I would wager a goodly amount that you've hit the nail on the head here.

It seemed at first as though bundling all of the unix environment together and
abandoning "The Unix Way" was a triumph of advertising and people's laziness.
Thinking further, it's pretty clear that mobilizing a community around a
varied basket of tools would have been nigh impossible.

It's pretty interesting how important this developer/social aspect has been to
the development of the web. Larry Wall has certainly been in on the joke all
along.

------
IvyMike
Back in the early days of the web (I'm talking 1993-1995), perl had a bunch of
huge advantages:

1) It derived a lot of syntax from the classic unix tools. So if you knew sh,
sed, awk, troff, grep, you were halfway to knowing perl.

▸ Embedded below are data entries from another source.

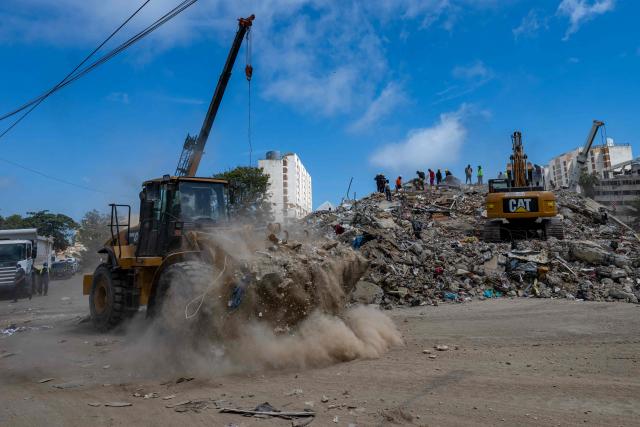 Heavy machinery is used on the ruins of a building destroyed by the June 24 earthquakes in Caraballeda, La Guaira state, Venezuela, on July 8, 2026. Venezuela's government called on July 8, 2026 for the release of frozen assets to help raise funds for the country's recovery from last month's twin earthquakes that killed at least 3,600 people. (Photo by Miguel MEDINA / AFP)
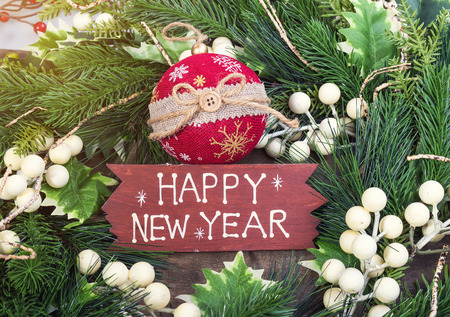 happy new year written on wooden background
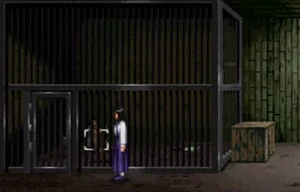 Simon locked up in a cage in the shed.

2) The performance of fork() on many unixes was bad. Or at least, bad enough
to make you avoid starting a lot of processes. With perl, you could usually do
everything in-process.

3) Bash existed, but did not have the wide acceptance that it has today.
Remember, Linux was brand spankin' new, and we were mostly using proprietary
SunOS/Solaris/HPUX/AIX systems at the time. Those systems which shipped with
/bin/sh, not /bin/bash. Heck, most sysadmins did not bother to install bash,
because what as the point of installing some non-standard buggy and redundant
shell? (Whether or not if this was true at the time is more up for debate, but
that was the attitude.)

4) Bash didn't have associative arrays until much later, I believe.

5) There were things awk just had trouble doing, or at least doing quickly.
Perl had a lot of the sysadmin-y system calls available as pure perl
functions.

6) Perl's regular expressions were second-to-none

7) The comp.lang.perl community was probably the best, or at least busiest, of
the applicable newsgroups at the time.

8) The perl community was very quick to provide example CGI code, so if you
wanted to write a CGI script, you could bootstrap yourself very quickly with
perl.

If you can ever find a copy of the 1991 edition of Programming Perl, you
should pick it up--it was an amazing introduction to the language, and
explains a lot of the advantages over other scriptish languages at the time.

And of course when Perl 5 came out, the language gained another huge advantage
with the module system and pseudo-OO features.

------
srl
Here you go: <http://werc.cat-v.org/>

I personally think the standard unix tools are best used for static site
generation - I wouldn't want to try handling arbitrary input with programs
that tend to have semantics incompatible in the edge cases.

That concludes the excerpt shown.